Per gli osservatori la forza di Google risiede in una moltitudine di attività che funzionano e che ruotano intorno al core business della pubblicità e della search. Per esempio, nel caso del sistema operativo Android che domina negli smartphone su scala mondiale, Google fa leva sulla crescente propensione degli utenti a effettuare le ricerche da mobile; i “paid clicks” di Google sono in aumento del 59% nei primi tre mesi del 2018.

Quanto alla piattaforma video YouTube, che fattura 20 miliardi di  dollari l’anno, potrebbe crescere del 20-30% nei prossimi cinque anni, secondo Mark Mahaney di RBC Capital Markets. Siccome oggi le revenues di YouTube rappresentano solo il 10% di quanto viene speso globalmente sulla tradizionale pubblicità in Tv, c’è ampio margine per catturare quote più consistenti, osserva Youssef Squali, analista di SunTrust Robinson Humphrey. “YouTube è ancora agli inizi rispetto alla Tv, il suo business può crescere enormemente, visto che il pubblico si sta già spostando verso l’online”.
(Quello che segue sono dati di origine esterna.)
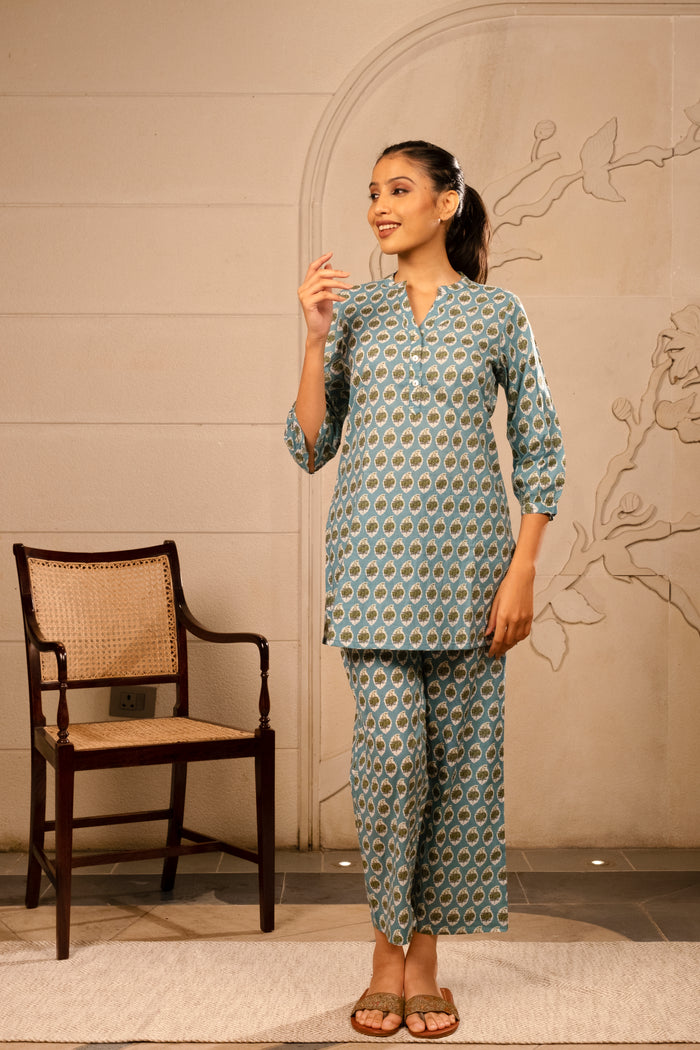 Powder Blue Cotton Co-Ord Set For Women's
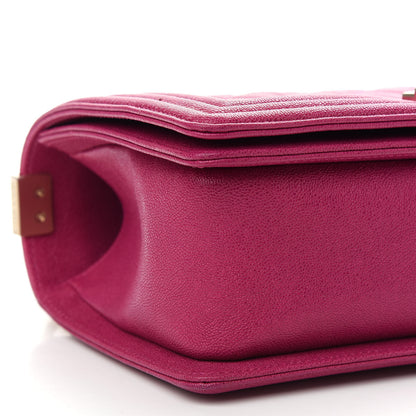Chanel Caviar Quilted Medium Boy Flap Fuchsia 9 of 10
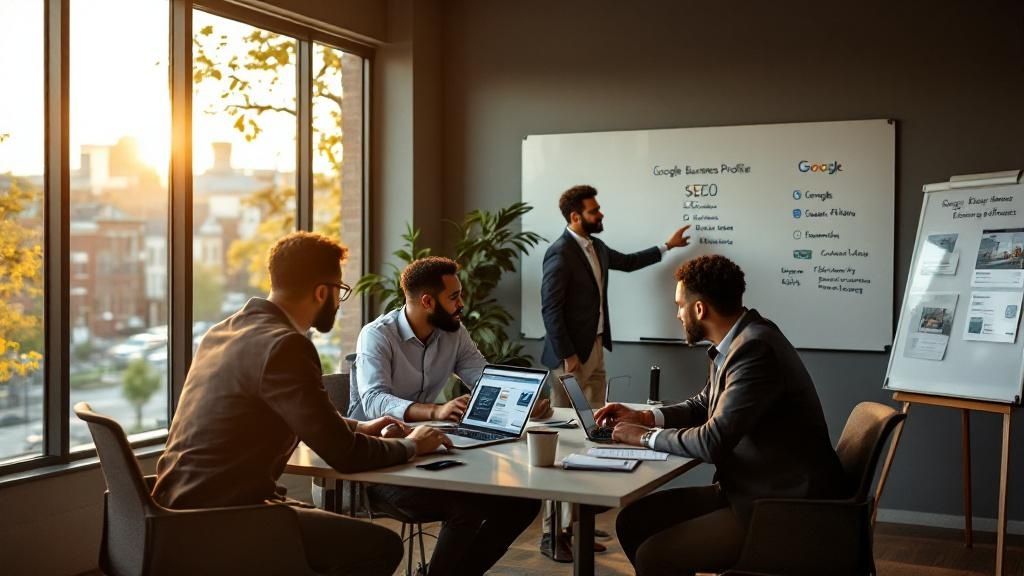 four men discussing a whiteboard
Sul cloud computing Google è entrata in ritardo rispetto ai concorrenti e le revenues annuali di circa 4 miliardi di dollari impallidiscono rispetto alle cifre generate da Amazon (che fattura più di 5 miliardi in un trimestre) e Microsoft. Ma secondo Dan Chung, chief investment officer di Alger, qui Big G può davvero fare un balzo tirando in ballo tutto il peso delle sue tecnologie di intelligenza artificiale. Unire cloud e AI sarebbe un vero “attacco al mercato”: “Google potrebbe disporre delle migliori funzionalità AI/machine learning sul cloud”, afferma Chung.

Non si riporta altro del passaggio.